* Task
In the records below, the line with "Somnia’s profile on" and every line after it must be written out exactly; no pictures belong in the result.
※
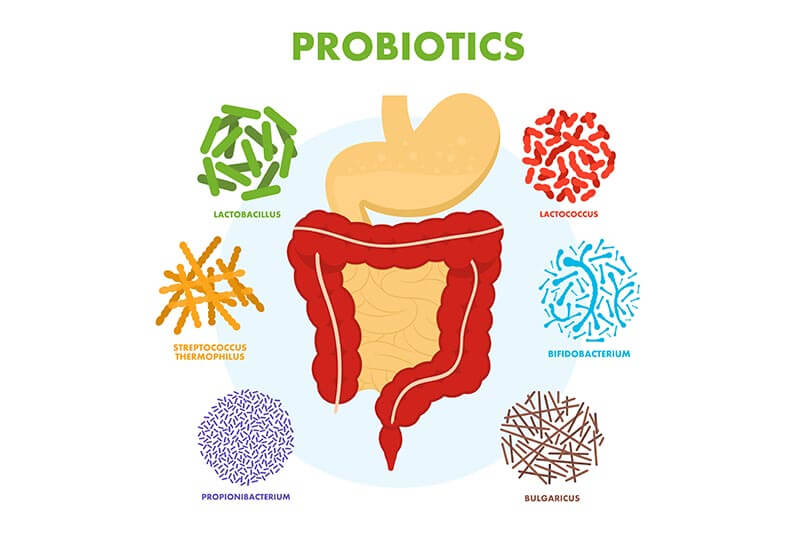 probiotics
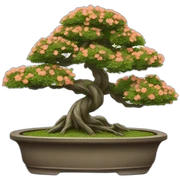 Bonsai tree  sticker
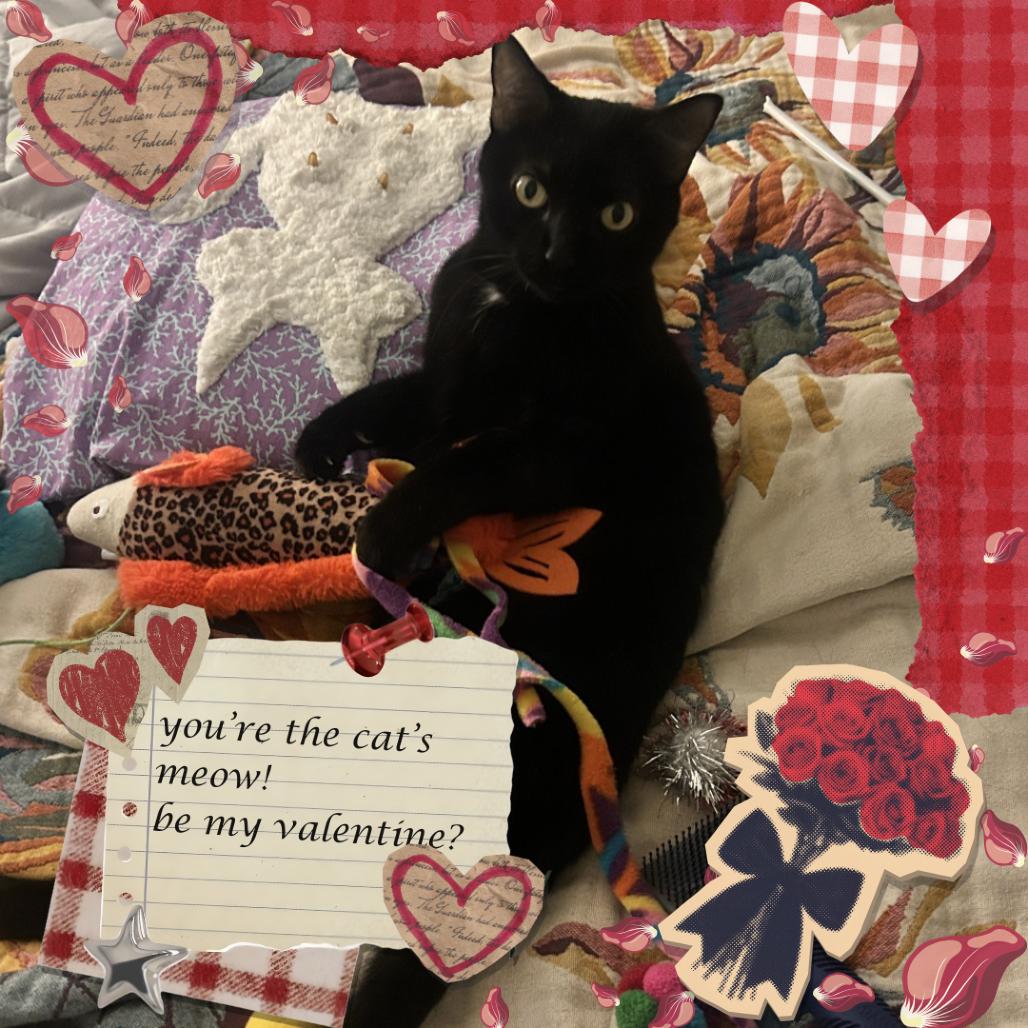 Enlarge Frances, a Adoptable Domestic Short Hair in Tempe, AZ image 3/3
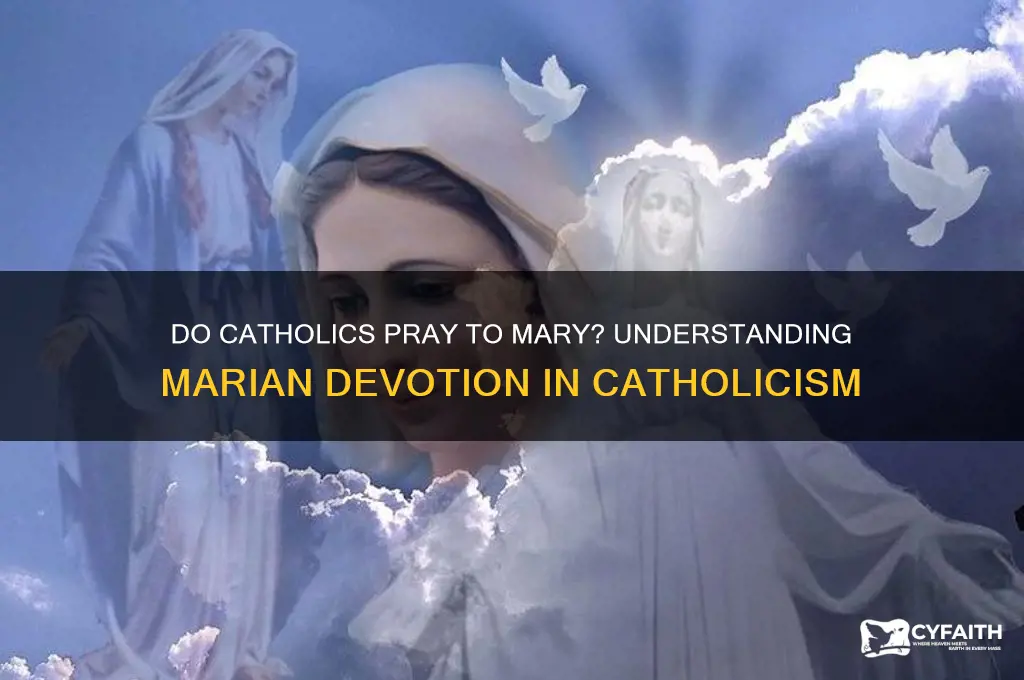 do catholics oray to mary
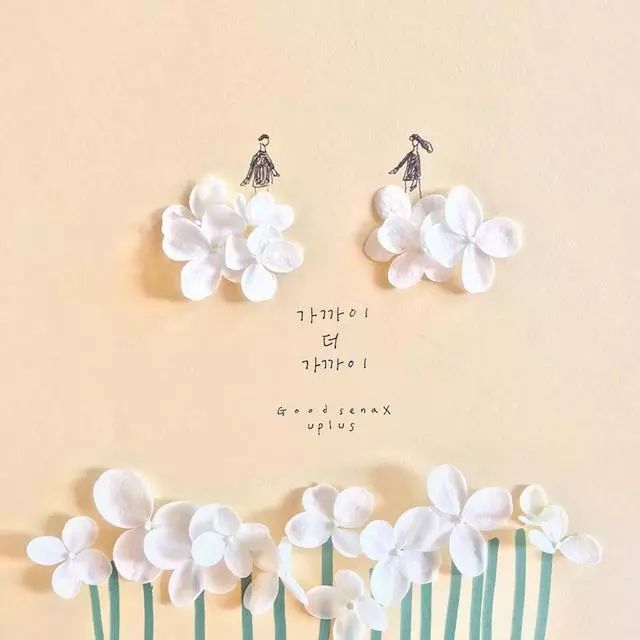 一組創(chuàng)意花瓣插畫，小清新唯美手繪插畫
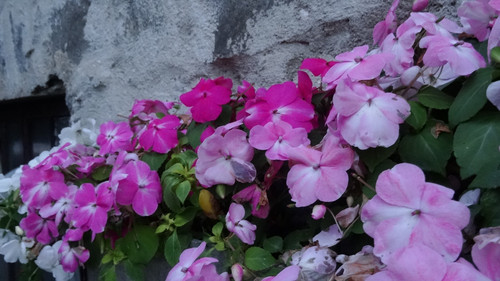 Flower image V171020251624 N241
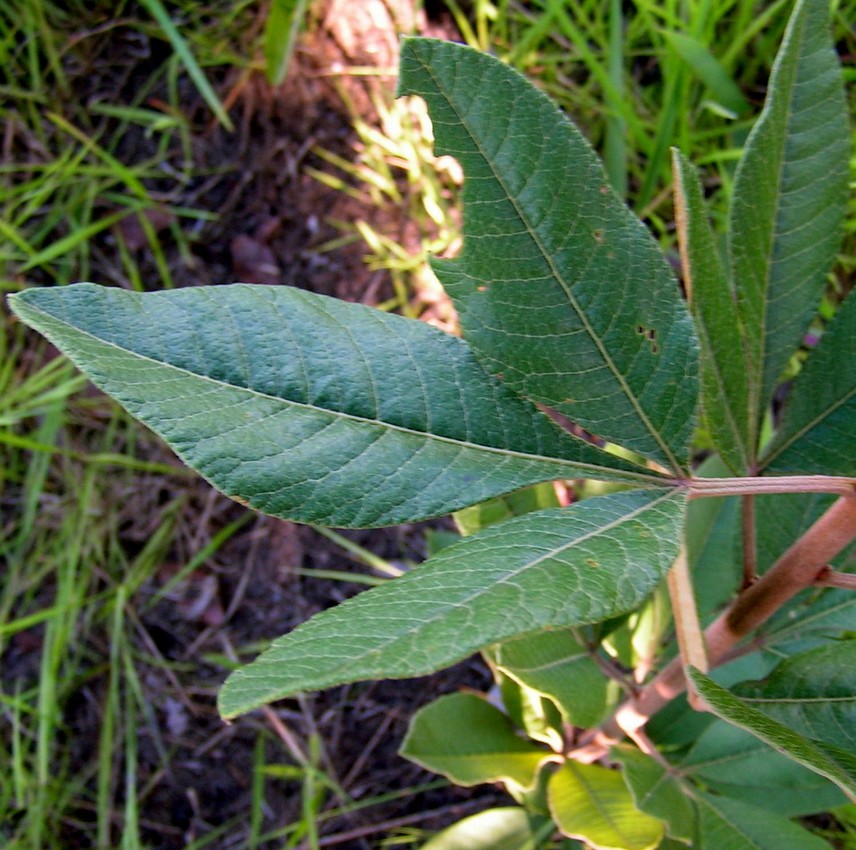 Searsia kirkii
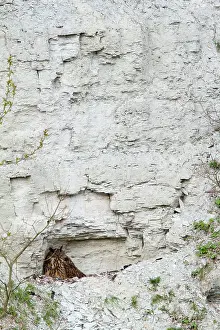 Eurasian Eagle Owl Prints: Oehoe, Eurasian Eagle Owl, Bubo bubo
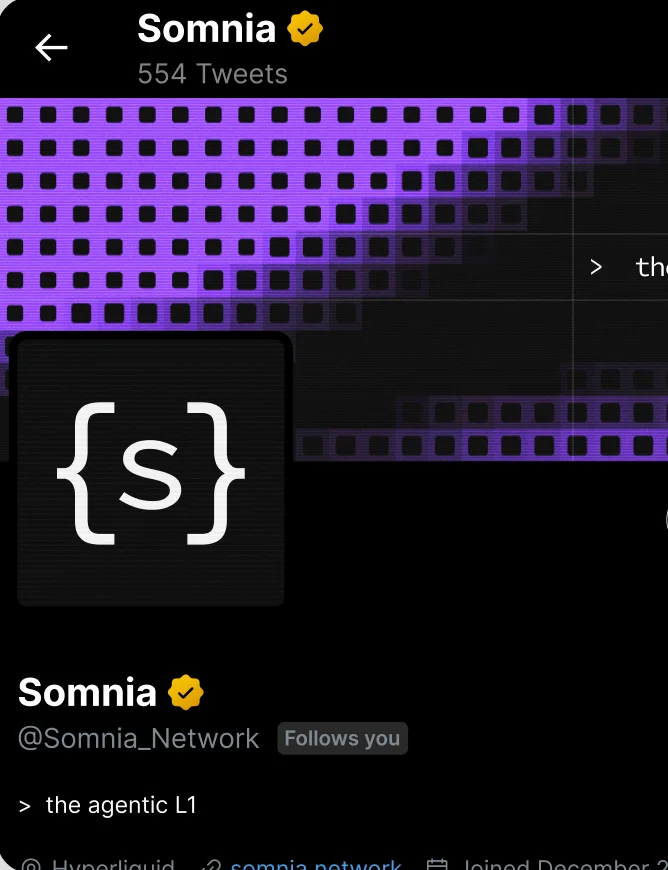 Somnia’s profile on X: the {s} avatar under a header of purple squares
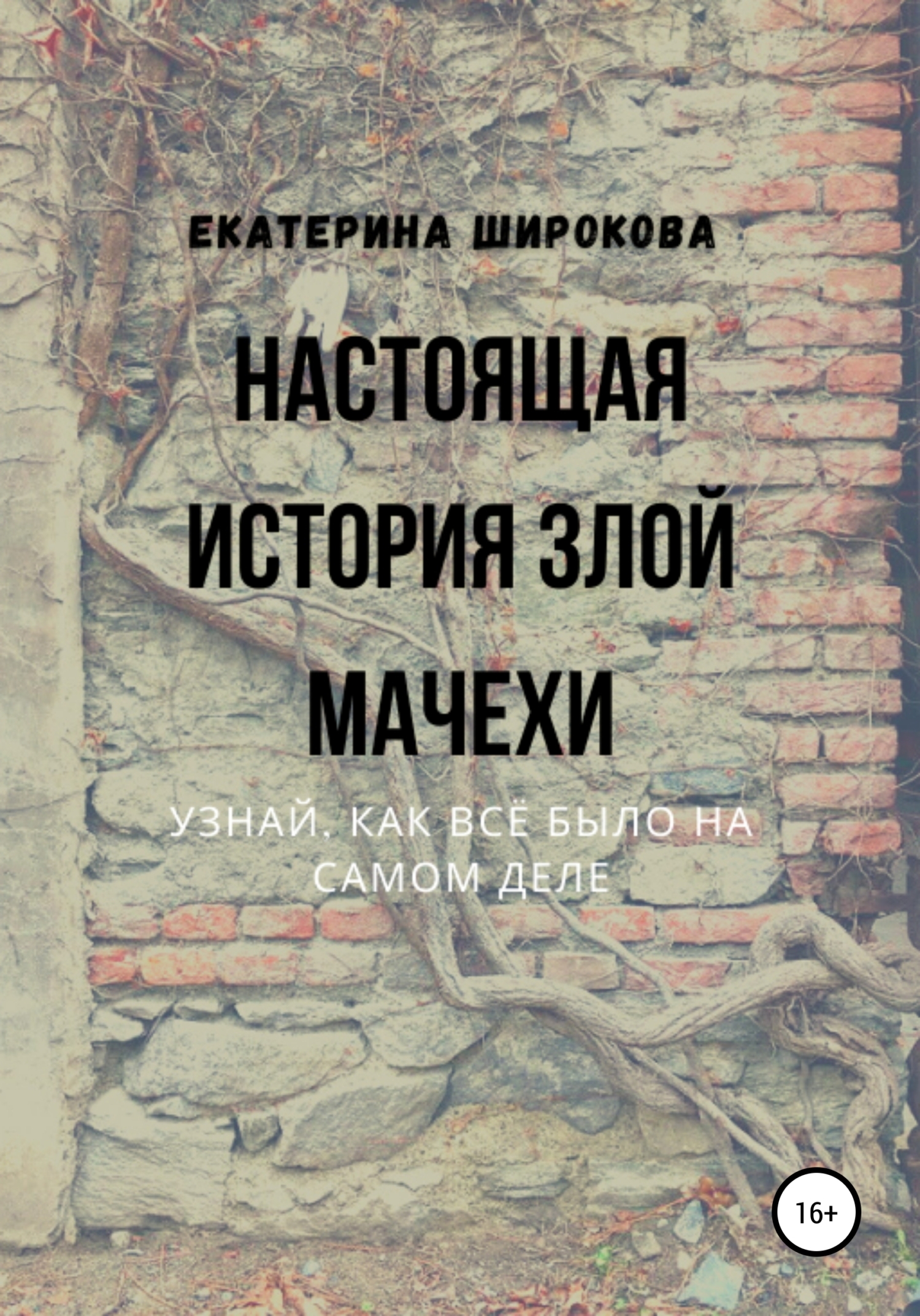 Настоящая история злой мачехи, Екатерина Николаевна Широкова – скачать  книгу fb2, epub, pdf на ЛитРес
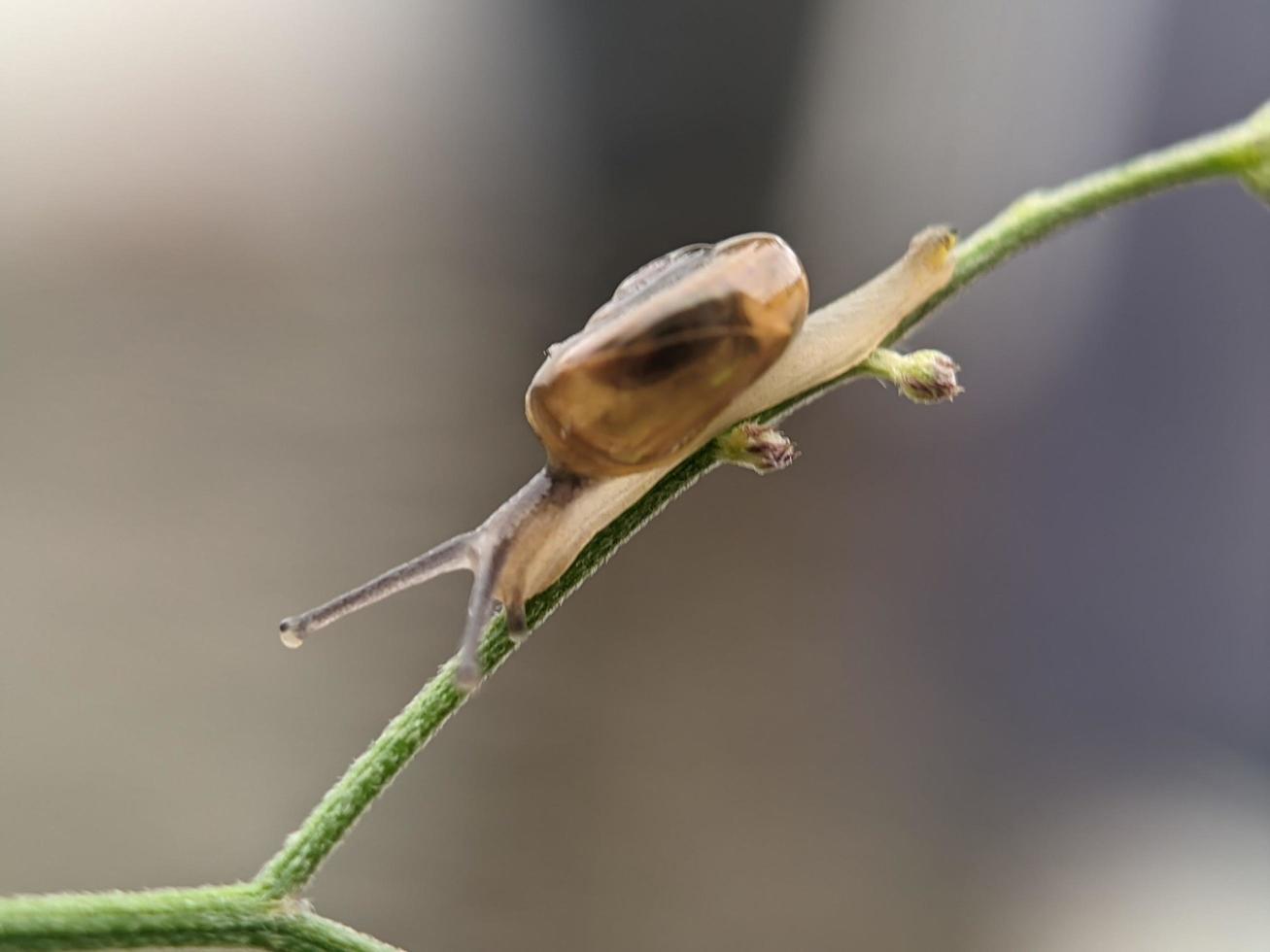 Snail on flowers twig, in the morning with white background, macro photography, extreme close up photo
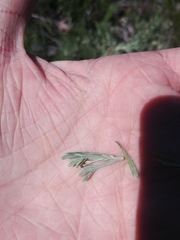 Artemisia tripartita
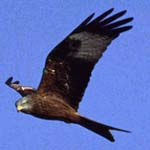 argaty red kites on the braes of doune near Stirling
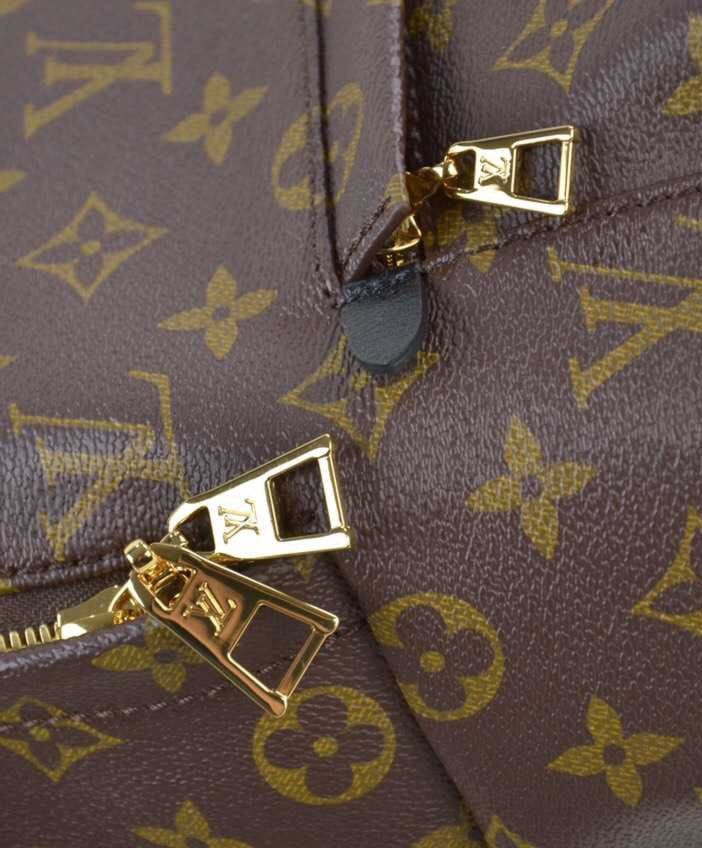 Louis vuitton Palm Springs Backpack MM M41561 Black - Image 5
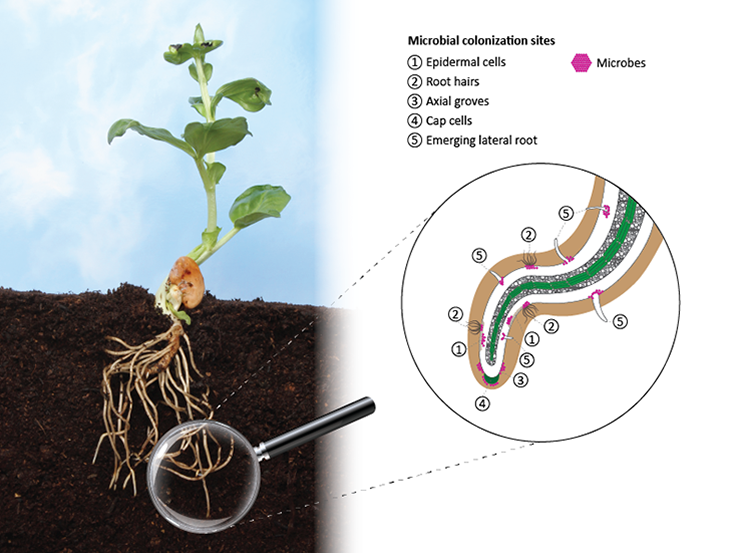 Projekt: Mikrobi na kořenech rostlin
※
* Problem solution
 Somnia’s profile on X: the {s} avatar under a header of purple squares
 Настоящая история злой мачехи, Екатерина Николаевна Широкова – скачать  книгу fb2, epub, pdf на ЛитРес
 Snail on flowers twig, in the morning with white background, macro photography, extreme close up photo
 Artemisia tripartita
 argaty red kites on the braes of doune near Stirling
 Louis vuitton Palm Springs Backpack MM M41561 Black - Image 5
 Projekt: Mikrobi na kořenech rostlin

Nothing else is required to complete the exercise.